📜 ⬆️ ⬇️

Create a parser for ini-files in C ++

In this article I will tell you how to write your ini-file parser in C ++. We take as a basis the context-free grammar built in my previous article . To build the parser, the Boost Spirit library will be used, which allows you to build your own parsers by combining ready-made primitive parsers using parser combinators .

Important: this article assumes that the reader is familiar with the basics of C ++ (including the active use of STL).

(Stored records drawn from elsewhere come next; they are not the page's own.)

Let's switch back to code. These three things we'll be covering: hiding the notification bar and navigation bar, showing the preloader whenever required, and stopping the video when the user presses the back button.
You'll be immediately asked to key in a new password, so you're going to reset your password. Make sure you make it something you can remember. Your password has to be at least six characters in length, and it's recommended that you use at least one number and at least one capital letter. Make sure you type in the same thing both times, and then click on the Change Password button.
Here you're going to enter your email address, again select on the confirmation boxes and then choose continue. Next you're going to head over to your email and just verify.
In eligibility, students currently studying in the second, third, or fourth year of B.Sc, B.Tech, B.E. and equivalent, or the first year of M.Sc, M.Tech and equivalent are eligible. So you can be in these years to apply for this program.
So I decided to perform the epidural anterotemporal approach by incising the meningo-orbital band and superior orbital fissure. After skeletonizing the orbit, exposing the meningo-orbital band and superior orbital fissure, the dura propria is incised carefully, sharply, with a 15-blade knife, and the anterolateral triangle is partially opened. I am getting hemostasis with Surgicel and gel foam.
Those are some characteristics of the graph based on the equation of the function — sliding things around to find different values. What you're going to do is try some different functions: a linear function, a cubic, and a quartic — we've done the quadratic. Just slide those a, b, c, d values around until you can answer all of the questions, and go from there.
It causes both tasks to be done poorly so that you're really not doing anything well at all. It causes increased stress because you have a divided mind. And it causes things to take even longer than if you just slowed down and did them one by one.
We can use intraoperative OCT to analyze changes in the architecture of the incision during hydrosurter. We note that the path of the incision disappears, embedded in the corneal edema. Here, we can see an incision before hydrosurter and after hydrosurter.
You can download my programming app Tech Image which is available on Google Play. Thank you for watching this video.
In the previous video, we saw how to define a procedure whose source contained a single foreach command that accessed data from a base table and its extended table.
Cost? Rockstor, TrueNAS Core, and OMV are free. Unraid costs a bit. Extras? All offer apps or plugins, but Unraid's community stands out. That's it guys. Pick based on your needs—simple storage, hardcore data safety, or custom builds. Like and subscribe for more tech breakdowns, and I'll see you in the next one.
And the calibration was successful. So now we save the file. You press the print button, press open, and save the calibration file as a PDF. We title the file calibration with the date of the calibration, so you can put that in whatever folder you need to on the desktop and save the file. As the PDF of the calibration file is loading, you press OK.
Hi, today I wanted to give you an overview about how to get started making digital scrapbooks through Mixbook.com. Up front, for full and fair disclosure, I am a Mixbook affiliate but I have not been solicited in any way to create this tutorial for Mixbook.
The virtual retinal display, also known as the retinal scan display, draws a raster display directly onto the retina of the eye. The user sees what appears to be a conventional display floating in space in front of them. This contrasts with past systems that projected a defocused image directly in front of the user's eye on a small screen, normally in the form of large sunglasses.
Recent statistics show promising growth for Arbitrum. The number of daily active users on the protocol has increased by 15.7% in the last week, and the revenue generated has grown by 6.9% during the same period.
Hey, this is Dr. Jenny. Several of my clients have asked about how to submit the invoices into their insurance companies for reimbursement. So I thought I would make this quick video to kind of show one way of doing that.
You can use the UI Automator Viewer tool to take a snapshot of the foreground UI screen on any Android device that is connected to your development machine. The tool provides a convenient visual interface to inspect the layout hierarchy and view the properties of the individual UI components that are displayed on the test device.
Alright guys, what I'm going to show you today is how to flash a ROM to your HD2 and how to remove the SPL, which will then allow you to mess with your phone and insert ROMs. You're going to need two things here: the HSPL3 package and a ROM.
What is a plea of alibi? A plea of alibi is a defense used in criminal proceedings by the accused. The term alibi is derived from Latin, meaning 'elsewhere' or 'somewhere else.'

If you are not very sure of yourself, then I advise you first to read a couple of articles for C ++ and STL beginners.


Grammar


First, let us recall which grammar for ini-files we built in the previous article:
inidata = spaces, {section} .
section = "[", ident, "]", stringSpaces, "\n", {entry} .
entry = ident, stringSpaces, "=", stringSpaces, value, "\n", spaces .
ident = identChar, {identChar} .
identChar = letter | digit | "_" | "." | "," | ":" | "(" | ")" | "{" | "}" | "-" | "#" | "@" | "&" | "*" | "|" .
value = {not "\n"} .
stringSpaces = {" " | "\t"} .
spaces = {" " | "\t" | "\n" | "\r"} .

We will need her description soon.
')

C ++ and Boost Spirit



Start by installing boost (you can take it on the official website or search for ready-made packages for your OS). It is not necessary to collect the boost, since the whole Spirit lives in heders. The installation process for different systems may be different, so I will not describe it here.

I will try to describe in detail the process of creating a parser in C ++. In this case, I will not particularly think about performance, since this is not the purpose of this article.

Let's start by connecting the necessary headers.
1 #include <fstream>
2 #include <functional>
3 #include <numeric>
4 #include <list>
5 #include <vector>
6 #include <string>
7
8 #include <boost/spirit.hpp>
9 #include <boost/algorithm/string.hpp>
10
11 using namespace std;
12 using namespace boost::spirit;

In addition to the header of the Spirit itself, I included a library of string algorithms from boost (I will use the trim function). The construction using namespace is not always a good practice, but here for brevity I will allow myself.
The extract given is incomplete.